### [EXERCISE DESCRIPTION]
Once you reach the line containing "VERO MODA Tussenjas 'VMJose' in Wijnrood | ABOUT YOU VERO" in the data below, restate each line word for word up to and including the one containing "瓷片上****空密密麻麻地排列着一个".

### [ENTRIES PROVIDED]
#####
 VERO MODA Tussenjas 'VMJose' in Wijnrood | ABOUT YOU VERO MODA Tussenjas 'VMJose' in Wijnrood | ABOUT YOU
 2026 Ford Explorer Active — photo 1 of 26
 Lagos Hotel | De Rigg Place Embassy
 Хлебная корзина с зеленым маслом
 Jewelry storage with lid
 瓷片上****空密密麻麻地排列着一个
#####
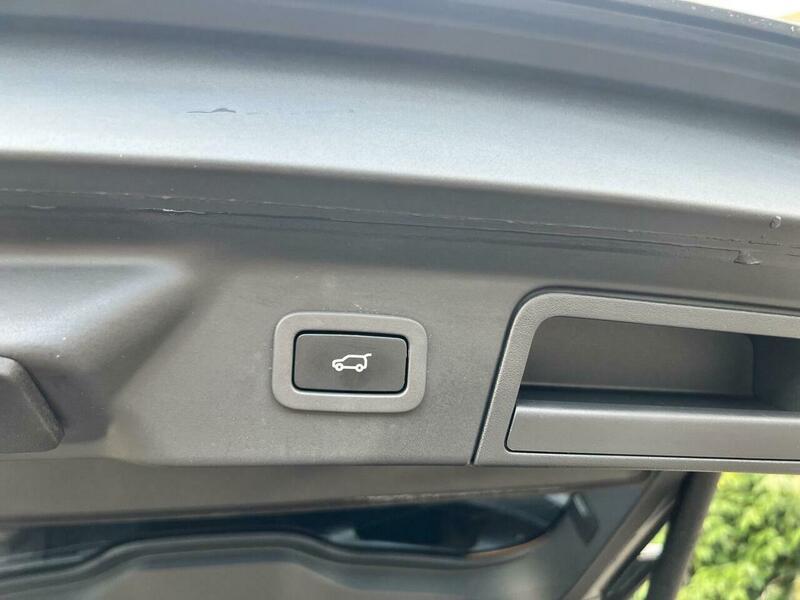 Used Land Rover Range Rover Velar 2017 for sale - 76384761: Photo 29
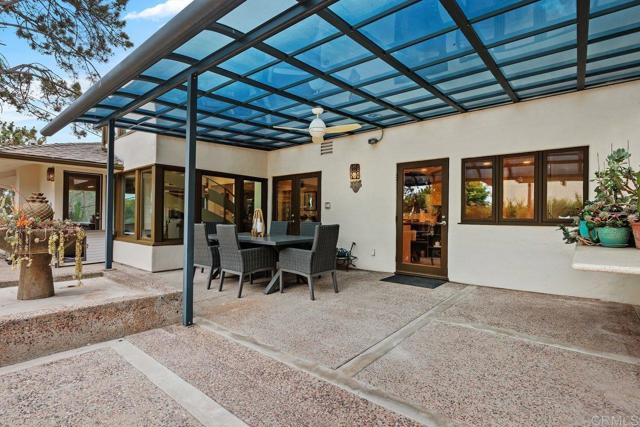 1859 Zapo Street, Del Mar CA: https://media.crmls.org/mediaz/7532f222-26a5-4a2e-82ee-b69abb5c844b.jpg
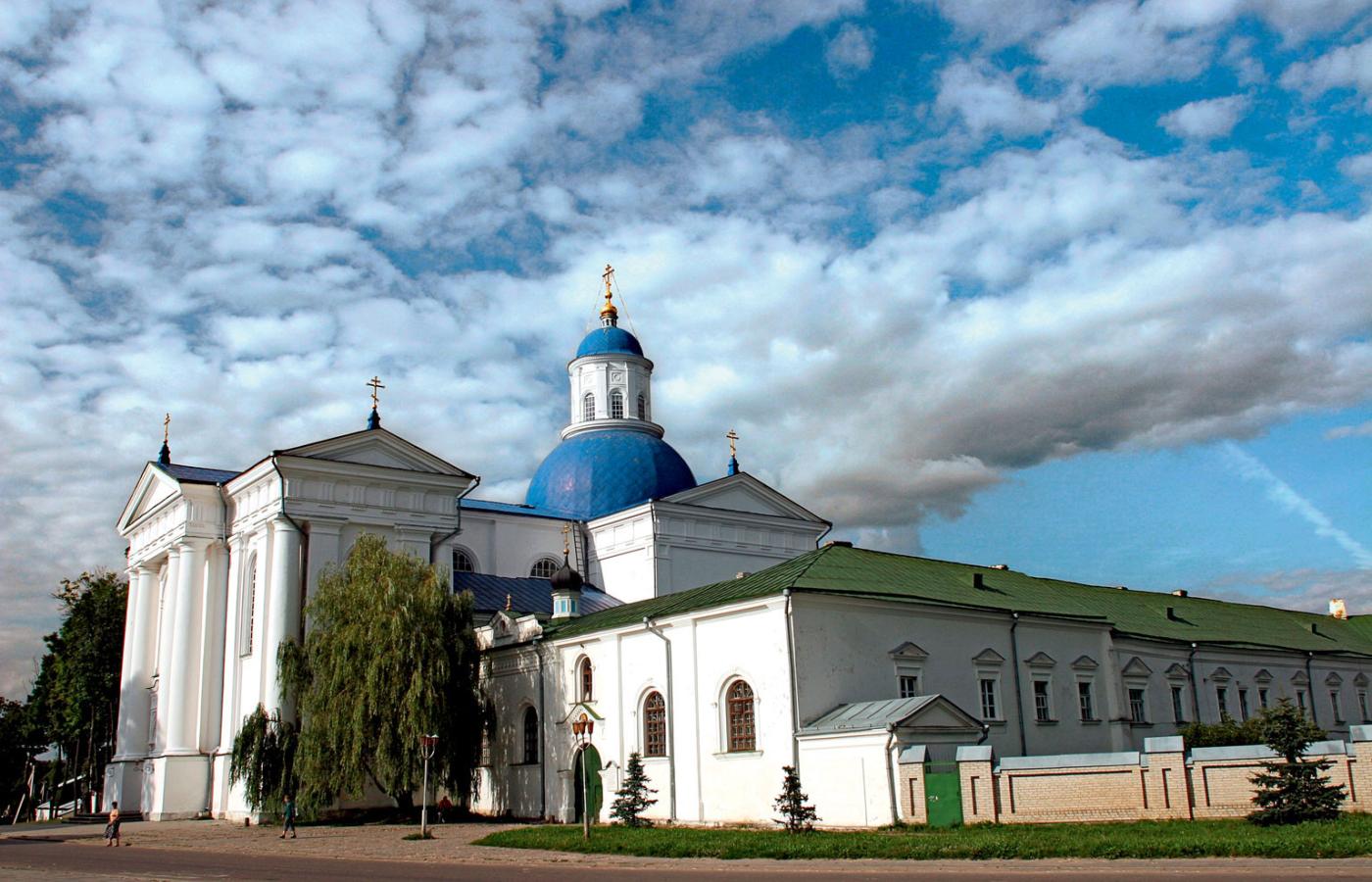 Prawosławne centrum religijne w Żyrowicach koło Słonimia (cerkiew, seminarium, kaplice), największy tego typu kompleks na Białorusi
#####
### [PROBLEM SOLUTION]
 VERO MODA Tussenjas 'VMJose' in Wijnrood | ABOUT YOU VERO MODA Tussenjas 'VMJose' in Wijnrood | ABOUT YOU
 2026 Ford Explorer Active — photo 1 of 26
 Lagos Hotel | De Rigg Place Embassy
 Хлебная корзина с зеленым маслом
 Jewelry storage with lid
 瓷片上****空密密麻麻地排列着一个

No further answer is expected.